I exposed hundreds of frame of these places looking for the interpretation that suited my needs.  I wanted to reflect my attachment to the landscape to the recipients of the packets I was planning to send while still allowing for their personal interpretation of some of these landscapes.

I made the images used in this project with a Zero Image pinhole camera.  It is a beautiful teakwood box made with brass fittings to allow for a roll of medium format film to be pulled across the exposure frame.  These exposures can be adjusted for 6×6, 6×7, 6×9, or 6×12 mm negative sizes, depending upon the needs of each particular landscape.  The pinhole itself is calibrated at f153 which allowed for exposure times from six to thirty seconds which I calibrated with a method I learned in grade school, (one-thousand one, one-thousand two…) while allowing for such things as sunlight or clouds, bright snow, water, or green and brown grass, and reciprocity failure.

As I did not have access to a darkroom, I had the film developed with contact sheets at Photo Wright labs in Anchorage.  The scanning of these negatives and printing was done by Ralph Sterling here in Soldotna.  We made forty sets of the images and attached them to the essay and instructions in the packet and took them to the post office in the spring of 2011, a vague sense of excitement and adventure permeating the day.

This is what I sent.

Part II: Collaboration
When I was an artist, I was like a person trying to make wind kites out of the beautiful blue jellyfish drifting through some of our harbors. As you may already perceive, this task is easy to imagine and all but undoable. It is as if, while I was deciding where to fasten the string and what to use for the tail, the thin, translucent membrane was drying away in the sharp salt wind.
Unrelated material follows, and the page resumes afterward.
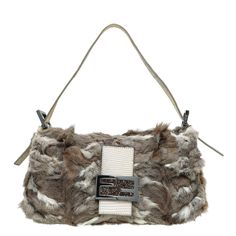 Price Excluding VAT Material: Brown Rabbit Fur with Leather Trim and Crystal FF Buckle Hardware: Gunmetal Features: Pockets: Interior Zipper Pocket Bag style: Shoulder Bag Closure type: Flap with Magnetic Closure Serial Number / Stamp / Date Code: 2308 - 8BR000 - 029 Measurement in inches: W x D x H Inclusions: Wrong Dust Bag Condition: in very good condition – 7 out of 10 Exterior: very good condition, with few scratches on the hardware, leather and showing normal signs of use. Interior: very good condition, and showing normal signs of use Brown Rabbit, Burberry Glasses, Cartier Sunglasses, Jimmy Choo Sunglasses, Fendi Shoes, Baguette Bag, Handbag Wallet, Bag Style, Bags Designer Fashion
The cracks that appeared softened and crumbled at their edges and the gray dust quickly blew away. Even more disconcerting was the reoccurring fear that the pursuit of this art, any art, was not a valid task to begin with. I caught myself thinking, “does art even exist, and if it does, how is it that from another perspective it seems absurd and unnecessary?”

Still, on most days I plodded on.  I began to think that I could use words, write it.  In this way an idea might be more easily passed along.   Something can be imagined, written, and then reformed in the reader’s mind with less opportunity for misinterpretation.  I need only to write this and you, the reader, in your own time and place can make it happen again.  It is a kind of magic; a fox suddenly appears at the edge of a far grove of trees.  Everything is summer green and her orange back shines while a boy watches with his father from the deck of an empty wagon.  The child is drinking red Kool-Aid; it colors his lips and the bitten edge of a white bread bologna sandwich.  The fox crouches and pounces in the new mown hay.  How quickly she slips back into the dark woods when the man starts the old John Deere and it begins to pop.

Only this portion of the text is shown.